The above is difficult to get right and the code belows uses some nice tricks to detect everything, so should be useful for others who also want to use single file executable jars with LWJGL3 on Mac.
public static boolean restartJVM() {
String osName = System.getProperty("os.name");
// if not a mac return false
if (!osName.startsWith("Mac") && !osName.startsWith("Darwin")) {
return false;
}
// get current jvm process pid
String pid = ManagementFactory.getRuntimeMXBean().getName().split("@")[0];
// get environment variable on whether XstartOnFirstThread is enabled
String env = System.getenv("JAVA_STARTED_ON_FIRST_THREAD_" + pid);
// if environment variable is "1" then XstartOnFirstThread is enabled
if (env != null && env.equals("1")) {
return false;
}
// restart jvm with -XstartOnFirstThread
String separator = System.getProperty("file.separator");
String classpath = System.getProperty("java.class.path");
String mainClass = System.getenv("JAVA_MAIN_CLASS_" + pid);
String jvmPath = System.getProperty("java.home") + separator + "bin" + separator + "java";
List<String> inputArguments = ManagementFactory.getRuntimeMXBean().getInputArguments();
ArrayList<String> jvmArgs = new ArrayList<String>();
jvmArgs.add(jvmPath);
jvmArgs.add("-XstartOnFirstThread");
jvmArgs.addAll(inputArguments);
jvmArgs.add("-cp");
jvmArgs.add(classpath);
jvmArgs.add(mainClass);
// if you don't need console output, just enable these two lines
// and delete bits after it. This JVM will then terminate.
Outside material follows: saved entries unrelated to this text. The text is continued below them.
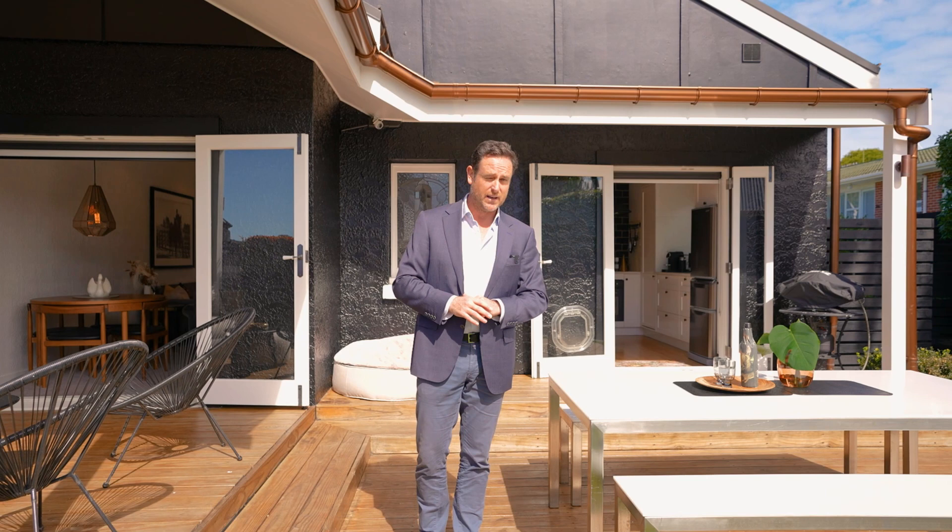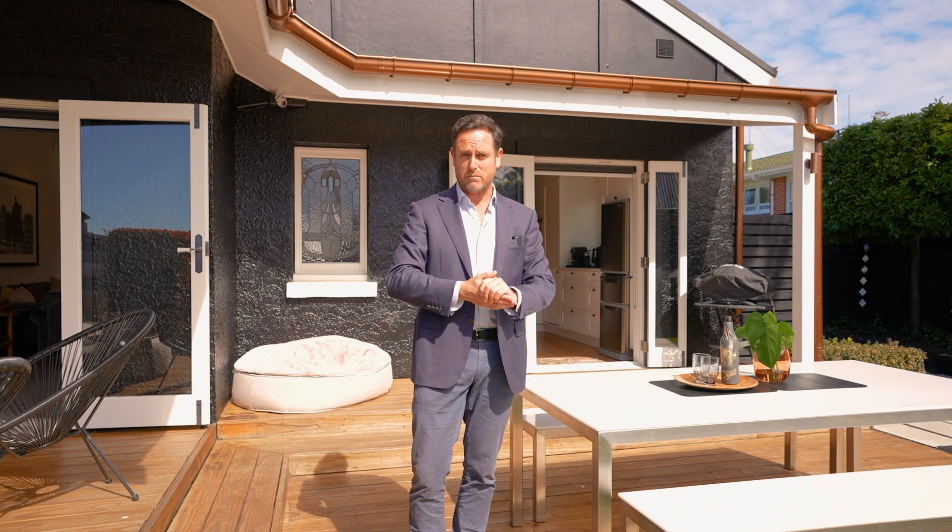This is north facing, it gets heaps of sun, and with summer looming there are going to be many more days like this to enjoy out the back here.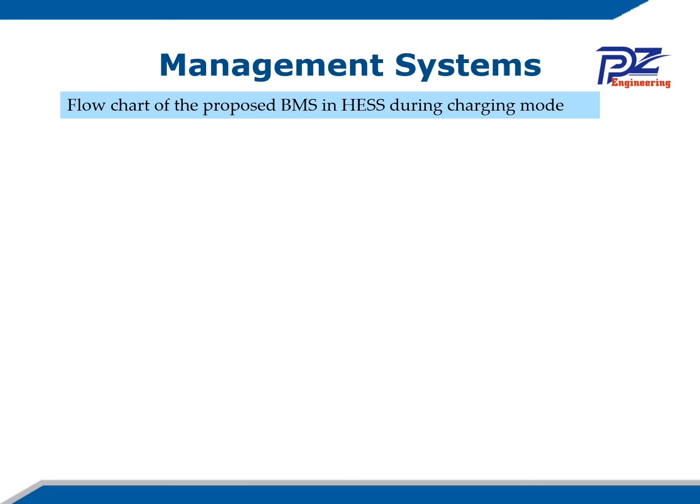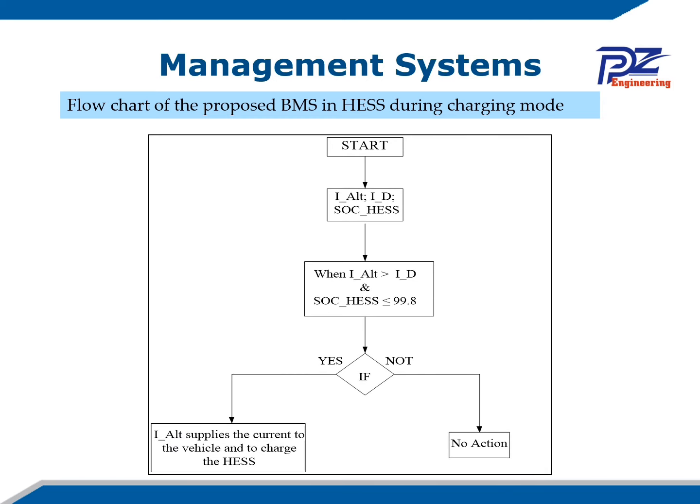The second flowchart covers the charging mode. During charging mode, there are also two conditions. The parameters include the alternator current and the current demand. When the alternator current is greater than or equal to the load demand and the state of charge of the hybrid energy storage system is less than or equal to 99.8%, the alternator supplies current to the vehicle while simultaneously charging the hybrid energy storage system. If not, no charging action occurs.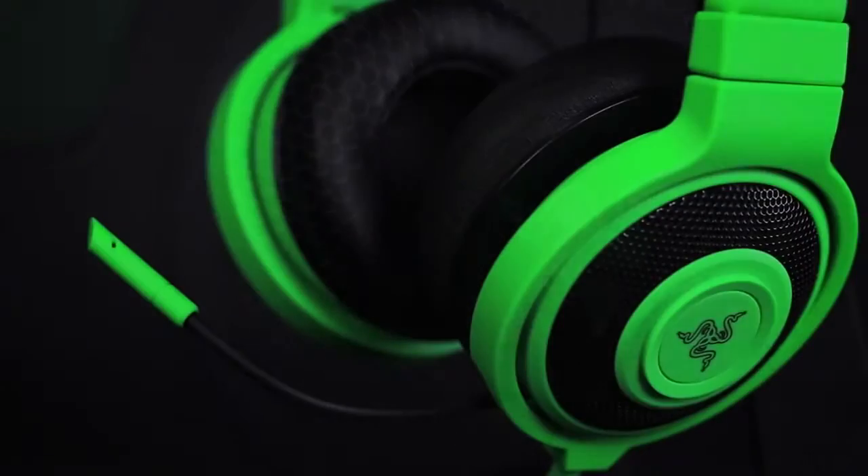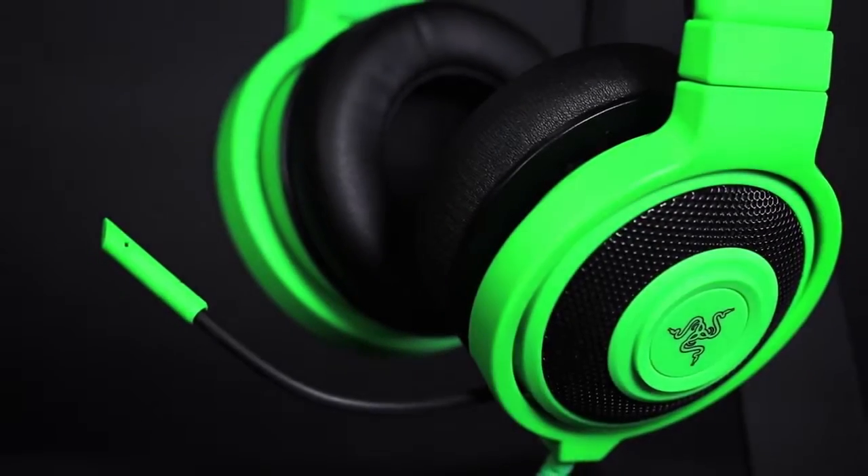Hi guys, so what I have over here is the new Razer Kraken Pro — still the most popular eSports headset out there. You've seen this countless times on eSports athletes all over the world in all the top tournaments.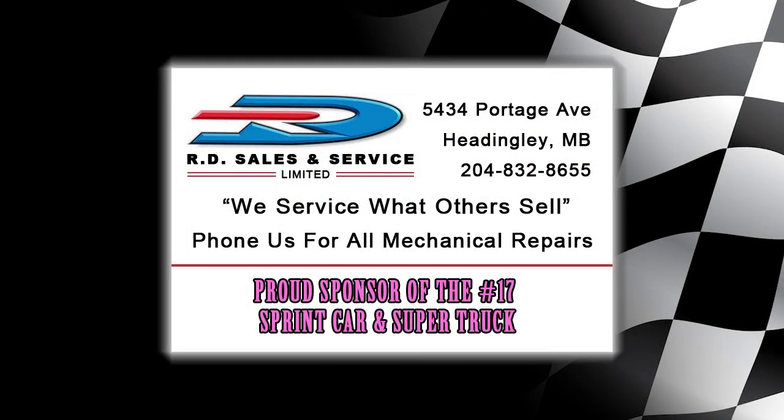This video production is sponsored in part by RD Sales and Service. We service what others sell. For all mechanical repairs, trust our professionals. RD Sales and Service is a proud sponsor of the number 17 super truck and sprint car.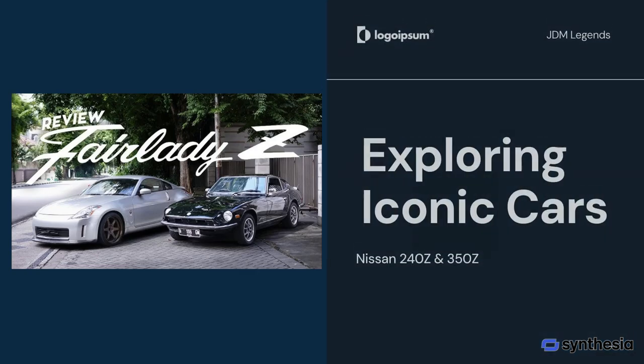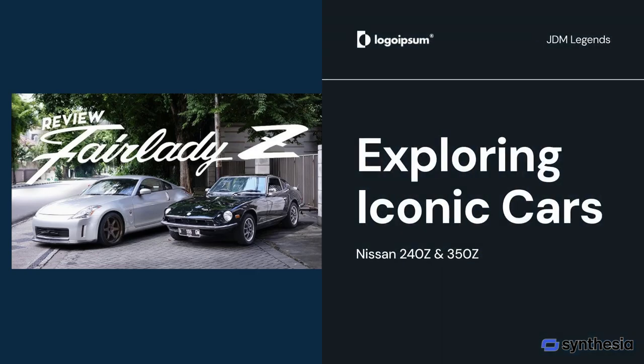Welcome to our exploration of two iconic JDM legends, the Nissan Fairlady 240Z and the 350Z. These cars have left an indelible mark on automotive history, captivating enthusiasts with their unique blend of style and performance.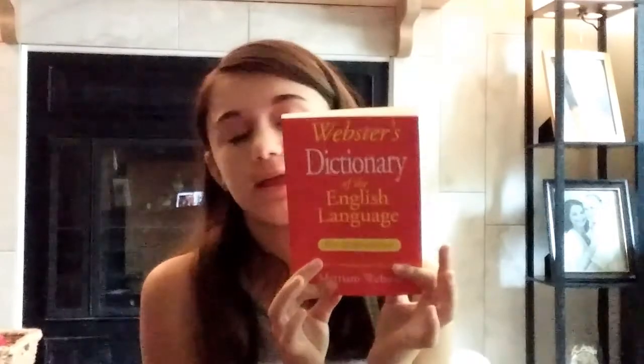Next up I have a little dictionary, and this is just to keep with me — like if I have to use it for vocabulary or things of that such, or I need help figuring out what a word means in school. Just something to keep on hand just in case. So next up I'm going to be doing my folders and also my notebooks.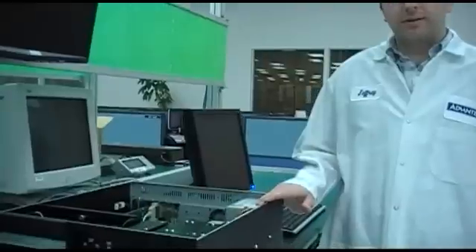Hi, I'm Jeff Mawson, application engineer here at Advantec. Today I would like to go over the feature highlights of Advantec's industrial grade servers using this 4U industrial rack mount server as an example.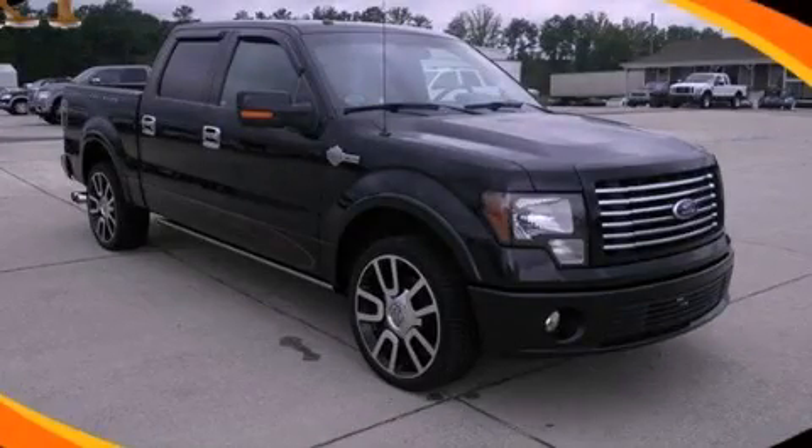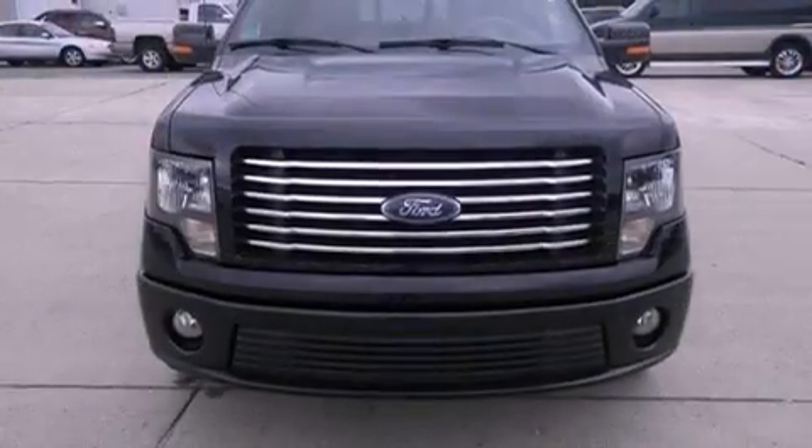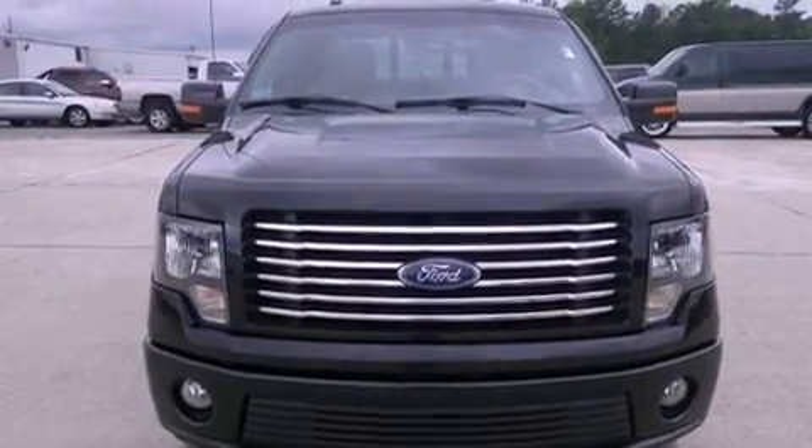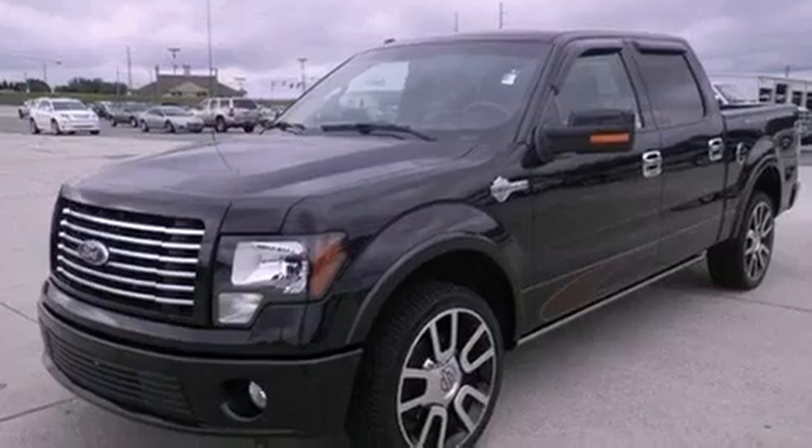This is a 2010 Ford F-150, made for the job site, the trail, and the town. It features a 5.4-liter 8-cylinder engine and a 6-speed automatic transmission.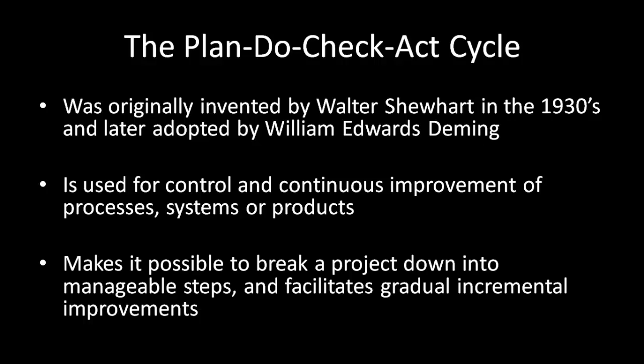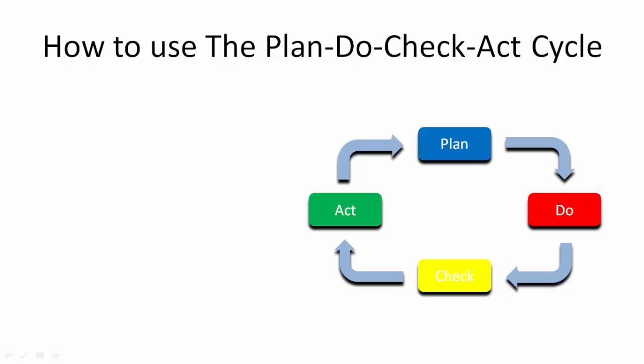It makes it possible to break a project down into manageable steps and facilitates gradual incremental improvements. Let's see how it works. The Plan-Do-Check-Act cycle works as a continuous loop for planning, doing, checking and acting.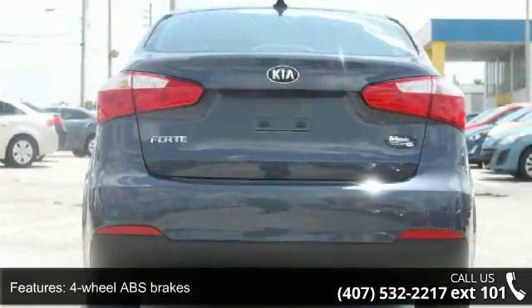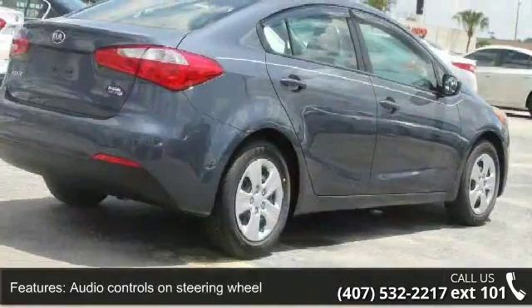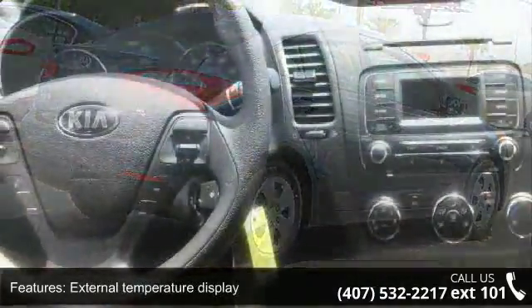Front seat type is bucket, front wheel drive, head airbags, curtain first and second row, and passenger airbag. This vehicle shows low mileage and has a smooth ride.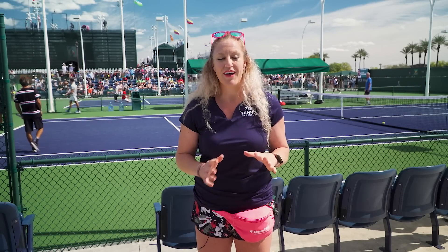Hi, I'm Michelle with Tennis Warehouse and we're out in Indian Wells at the BNP Paribas Open. We're out on the practice courts today. I know you guys have so many choices when it comes to footwear, so let's take a look and see what the pros are wearing.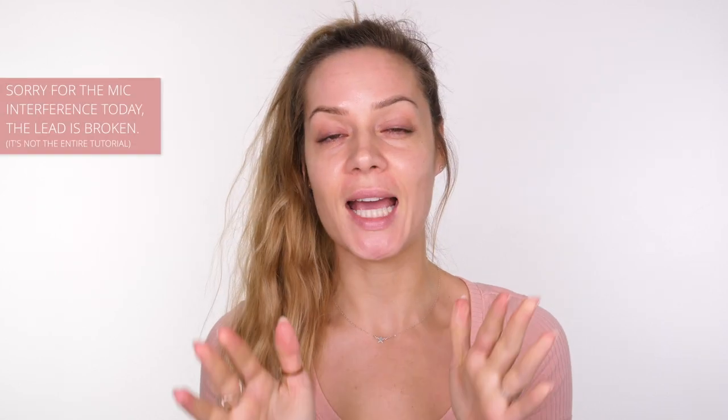Hey guys, happy new year! I've already had a video go live this year — I actually filmed it at the end of last year. This is the first video I filmed in the new year. I've got loads of flyaways because I didn't tame my hair with a hair dryer.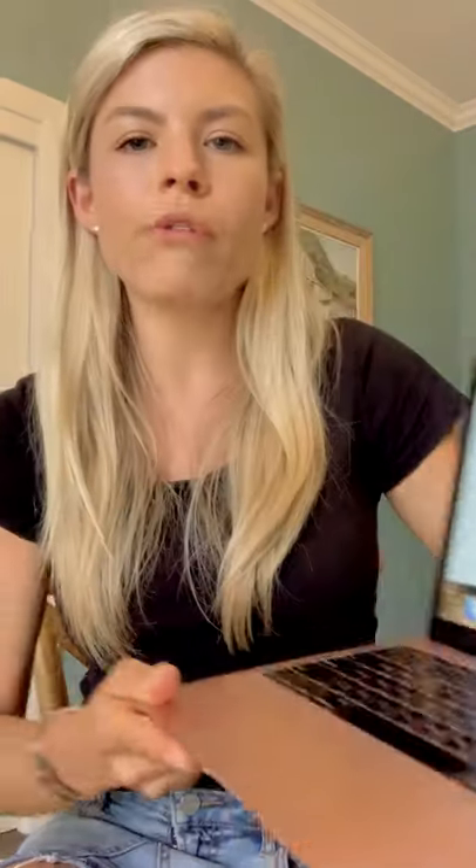So there you go, guys — those are my top 10 tips. You can grab my snacking guide — here's a little example of the guide. You can grab it via my website, click onto my Instagram profile, subscribe to my website, and it will hit your inbox across the weekend. Bye for now!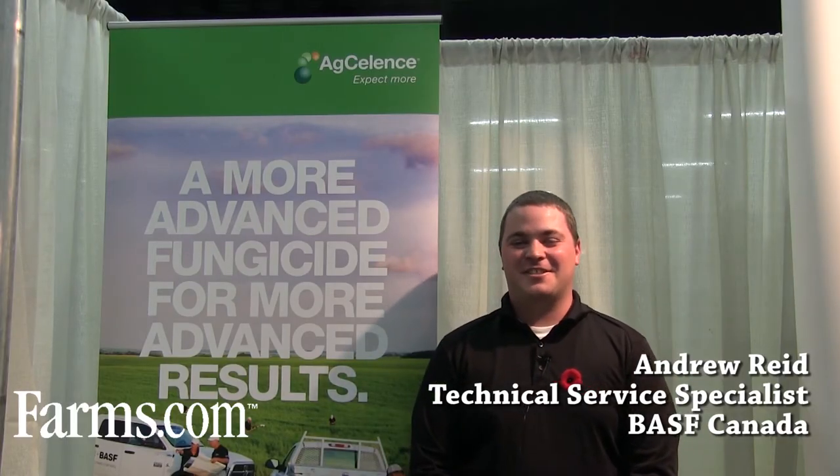Hi, my name is Andrew Reid, Technical Service Representative with BASF Canada in Alberta. I'm here to talk to you about the Clearfield Canola Production System.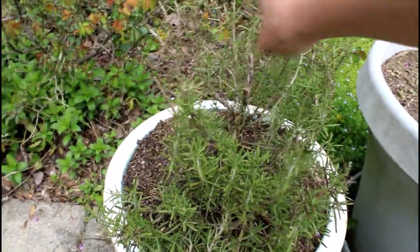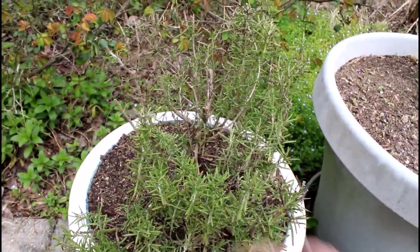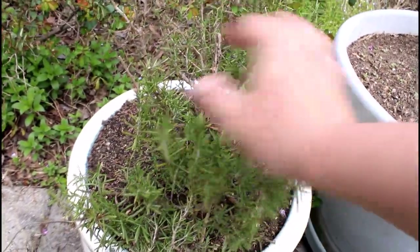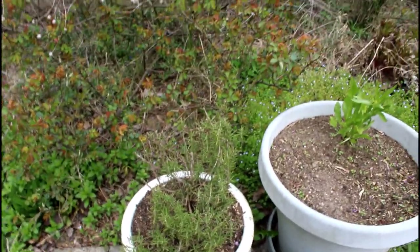Rosemary was getting severely root bound, so I opened that up, cut back a lot of the root stock, and took some pieces off to transplant into my front yard. What was left, I pruned back pretty hard and put back in the pot. It hasn't showed any real significant signs of stress since I repotted it, so it's doing well so far.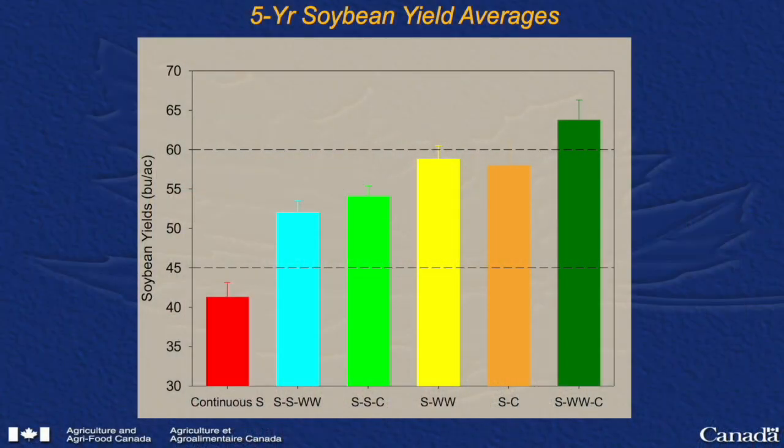What happens to soybean yields when you have too many soybeans in the rotation and what happens when you add diversity? Our continuous soybean yields are fairly low — the five-year yield average is only about 41 bushels per acre. However, soybean yields increased by about 26 to 30%, to 53 bushels per acre, when soybeans were grown two out of three years in rotation. And even more dramatically, they increased over 50%, to 64 bushels per acre, when soybeans were grown in a three-year corn-soybean-winter wheat rotation.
//ProcessBuilder processBuilder = new ProcessBuilder(jvmArgs);
//processBuilder.start();
try {
ProcessBuilder processBuilder = new ProcessBuilder(jvmArgs);
processBuilder.redirectErrorStream(true);
Process process = processBuilder.start();
InputStream is = process.getInputStream();
InputStreamReader isr = new InputStreamReader(is);
BufferedReader br = new BufferedReader(isr);
String line;
while ((line = br.readLine()) != null) {
System.out.println(line);
}
process.waitFor();
} catch (Exception e) {
e.printStackTrace();
}
return true;
}
To use the above method, you simply put the follow at the start of your main method
public static void main(String[] args) throws Exception {
if (restartJVM()) {
return;
}
// the rest of your main method
}
The only downside is that as the new JVM runs in a new process you can’t get the console output in the same location without leaving the initial jvm running. If you don’t need the output in the same location the the original jvm can just terminate.
With the above you can run executable jars which use LWJGL3 on Mac by simply clicking on them.